Hesabım
    Cinayet Gecesi
    BEYAZPERDE ELEŞTİRİSİ
    3,5
    İyi
    Cinayet Gecesi

    Bu Filmin de Katilini Biliyoruz!

    Yazar: Zafer İlbars

    Cinayet Gecesi, her şeyi bir kenara bırakarak söylemeliyiz ki sırf Anthony Hopkins'in varlığıyla insanı yerinden kaldırıp sinemaya yöneltecek bir yapım. Ama ya gerisi? İşte orada biraz durmak gerek. Fazlasıyla Hopkins'in performansına sırtını dayamış olan filmin, usta oyuncunun varlığının dışında ortalama bir yapım olduğunu söylemek yanlış olmayacaktır.

    Filmin Hopkins'in oyunculuğuna endeksli olduğu, usta oyuncunun daha önce oynadığı ve hafızalardan silinmeyen karakterlerine benzer özelliklerle inşa edilmiş bir rolü canlandırmasından belli. Eminiz ki bu filmde kendisini izleyenler, canlandırdığı rolün Dr. Hannibal'ı çağrıştırdığını daha ilk sahnelerden anlayacaklardır.

    Kendisini aldatan karısını romantik bir şekilde "seni seviyorum" dedikten sonra öldüren ve akabinde polisleri çağıran karakterimizle genç ve başarılı bir savcı karşı karşıya geliyor filmde. Hopkins'in canlandırdığı Crawford karakteri genç savcıyla ilk karşılaşmasından itibaren kurnazlık dolu adımlar atıyor. Karşısındaki genç savcının kusurlarını analiz ediyor ve avukat talep etmeden kendi kendisini savunmayı tercih ediyor.

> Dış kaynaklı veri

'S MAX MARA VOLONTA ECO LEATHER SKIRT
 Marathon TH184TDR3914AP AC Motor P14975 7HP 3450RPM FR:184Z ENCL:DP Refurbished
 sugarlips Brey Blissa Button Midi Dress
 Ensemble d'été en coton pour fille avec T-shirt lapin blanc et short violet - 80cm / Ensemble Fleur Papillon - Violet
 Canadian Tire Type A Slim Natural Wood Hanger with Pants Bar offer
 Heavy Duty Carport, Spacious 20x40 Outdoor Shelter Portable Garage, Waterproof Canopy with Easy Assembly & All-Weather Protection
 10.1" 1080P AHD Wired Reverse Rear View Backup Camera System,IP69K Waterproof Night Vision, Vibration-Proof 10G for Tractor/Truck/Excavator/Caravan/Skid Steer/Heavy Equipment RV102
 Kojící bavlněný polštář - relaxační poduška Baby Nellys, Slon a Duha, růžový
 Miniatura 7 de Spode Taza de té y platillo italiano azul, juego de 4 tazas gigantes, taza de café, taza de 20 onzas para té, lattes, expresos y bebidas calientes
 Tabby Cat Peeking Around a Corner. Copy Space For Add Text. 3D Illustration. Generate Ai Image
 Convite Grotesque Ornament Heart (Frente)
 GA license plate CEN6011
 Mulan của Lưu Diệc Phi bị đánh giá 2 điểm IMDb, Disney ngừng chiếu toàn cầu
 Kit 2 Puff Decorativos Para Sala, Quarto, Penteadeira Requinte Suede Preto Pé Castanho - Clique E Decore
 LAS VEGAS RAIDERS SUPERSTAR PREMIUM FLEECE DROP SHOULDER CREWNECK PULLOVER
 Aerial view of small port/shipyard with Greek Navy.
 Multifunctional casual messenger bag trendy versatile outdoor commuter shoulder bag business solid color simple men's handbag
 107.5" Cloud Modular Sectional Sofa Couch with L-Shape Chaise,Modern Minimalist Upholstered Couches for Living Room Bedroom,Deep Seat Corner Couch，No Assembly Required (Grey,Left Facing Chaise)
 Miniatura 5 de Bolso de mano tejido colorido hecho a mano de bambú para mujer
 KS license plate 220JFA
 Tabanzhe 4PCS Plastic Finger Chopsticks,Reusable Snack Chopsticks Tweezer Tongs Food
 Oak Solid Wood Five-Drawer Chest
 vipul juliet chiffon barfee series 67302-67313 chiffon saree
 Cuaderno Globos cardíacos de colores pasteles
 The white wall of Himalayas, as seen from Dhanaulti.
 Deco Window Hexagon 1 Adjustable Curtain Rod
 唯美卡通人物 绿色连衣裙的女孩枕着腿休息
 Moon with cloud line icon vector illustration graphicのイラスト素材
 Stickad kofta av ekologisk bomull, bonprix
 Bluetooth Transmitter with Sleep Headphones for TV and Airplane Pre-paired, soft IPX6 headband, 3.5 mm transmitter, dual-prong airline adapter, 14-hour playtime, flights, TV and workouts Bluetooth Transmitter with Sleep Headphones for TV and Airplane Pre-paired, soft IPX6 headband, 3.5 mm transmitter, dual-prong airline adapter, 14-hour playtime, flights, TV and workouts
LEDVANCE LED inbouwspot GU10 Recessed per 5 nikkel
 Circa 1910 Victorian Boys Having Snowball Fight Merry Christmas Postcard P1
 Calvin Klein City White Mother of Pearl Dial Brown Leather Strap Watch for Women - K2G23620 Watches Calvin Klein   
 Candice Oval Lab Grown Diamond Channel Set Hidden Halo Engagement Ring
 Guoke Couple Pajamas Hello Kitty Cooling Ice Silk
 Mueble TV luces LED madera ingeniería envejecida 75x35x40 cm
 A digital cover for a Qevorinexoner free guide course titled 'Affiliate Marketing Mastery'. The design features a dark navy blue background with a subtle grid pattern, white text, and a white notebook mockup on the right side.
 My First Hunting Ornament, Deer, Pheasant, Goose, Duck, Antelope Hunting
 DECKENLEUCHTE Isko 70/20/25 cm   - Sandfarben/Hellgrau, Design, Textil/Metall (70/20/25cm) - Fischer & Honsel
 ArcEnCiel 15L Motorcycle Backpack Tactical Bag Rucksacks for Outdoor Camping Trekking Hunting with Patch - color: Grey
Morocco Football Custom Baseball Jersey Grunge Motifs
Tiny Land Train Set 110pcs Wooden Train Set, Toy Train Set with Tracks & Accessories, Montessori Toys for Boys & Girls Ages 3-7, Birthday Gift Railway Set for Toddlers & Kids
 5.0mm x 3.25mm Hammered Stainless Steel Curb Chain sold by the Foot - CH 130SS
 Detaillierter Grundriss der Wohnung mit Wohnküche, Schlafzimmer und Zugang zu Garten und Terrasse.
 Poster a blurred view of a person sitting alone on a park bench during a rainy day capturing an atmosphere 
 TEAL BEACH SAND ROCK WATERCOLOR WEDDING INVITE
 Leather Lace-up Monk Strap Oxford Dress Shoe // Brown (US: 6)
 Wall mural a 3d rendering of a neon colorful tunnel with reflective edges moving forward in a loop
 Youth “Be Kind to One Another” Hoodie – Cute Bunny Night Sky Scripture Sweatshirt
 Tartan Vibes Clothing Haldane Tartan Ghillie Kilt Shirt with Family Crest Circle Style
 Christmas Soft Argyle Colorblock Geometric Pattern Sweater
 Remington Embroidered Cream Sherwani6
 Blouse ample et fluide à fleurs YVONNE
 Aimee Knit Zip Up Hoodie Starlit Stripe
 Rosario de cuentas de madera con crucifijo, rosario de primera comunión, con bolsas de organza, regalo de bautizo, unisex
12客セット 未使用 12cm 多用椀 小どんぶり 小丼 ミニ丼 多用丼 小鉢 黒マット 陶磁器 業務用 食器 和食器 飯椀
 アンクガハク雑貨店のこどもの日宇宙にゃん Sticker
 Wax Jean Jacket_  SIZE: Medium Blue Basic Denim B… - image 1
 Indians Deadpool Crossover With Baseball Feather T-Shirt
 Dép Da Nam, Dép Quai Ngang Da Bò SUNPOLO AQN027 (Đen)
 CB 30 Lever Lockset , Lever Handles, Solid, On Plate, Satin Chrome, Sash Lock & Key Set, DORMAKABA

    Şimdiye dek üstlendiği davaları kaybetmeyen, kaybedebileceği üç davayı sinsice sezerek başkalarına postalayan ve parlak kariyerine yön verecek parlak bir iş anlaşmasına imza atmak üzere olan Willy, Crawford'ın kendisine adeta alay edercesine meydan okumasıyla ince hesaplarla hazırlanmış bir planın tuzağına düşüveriyor. Oysa her şey en başta o kadar kolay gözüküyor ki. Karısını öldürmüş ve sıcağı sıcağına ifade imzalamış bir adam. Ancak, Crawford'ın silahının cinayetin işlendiği silah olmaması genç savcıyı ters köşeye yatırıyor.

    Bulunamayan silah, filmin en önemli silahı aslında! Zira en büyük kanıt ortada yok, üstelik Crawford'ın öldürülen karısının aşığı olay yerine gelen ekibin dedektifi. Yani tam bir bulmaca tadında film. Seyirci her şeyi biliyor ve hatta savcı da biliyor. Merak ettiğimiz bu cinayeti nasıl ortaya çıkaracakları? Seyirci olarak tüm ayrıntısını bildiğimiz bir cinayetin nasıl aydınlatacağını merak ediyoruz.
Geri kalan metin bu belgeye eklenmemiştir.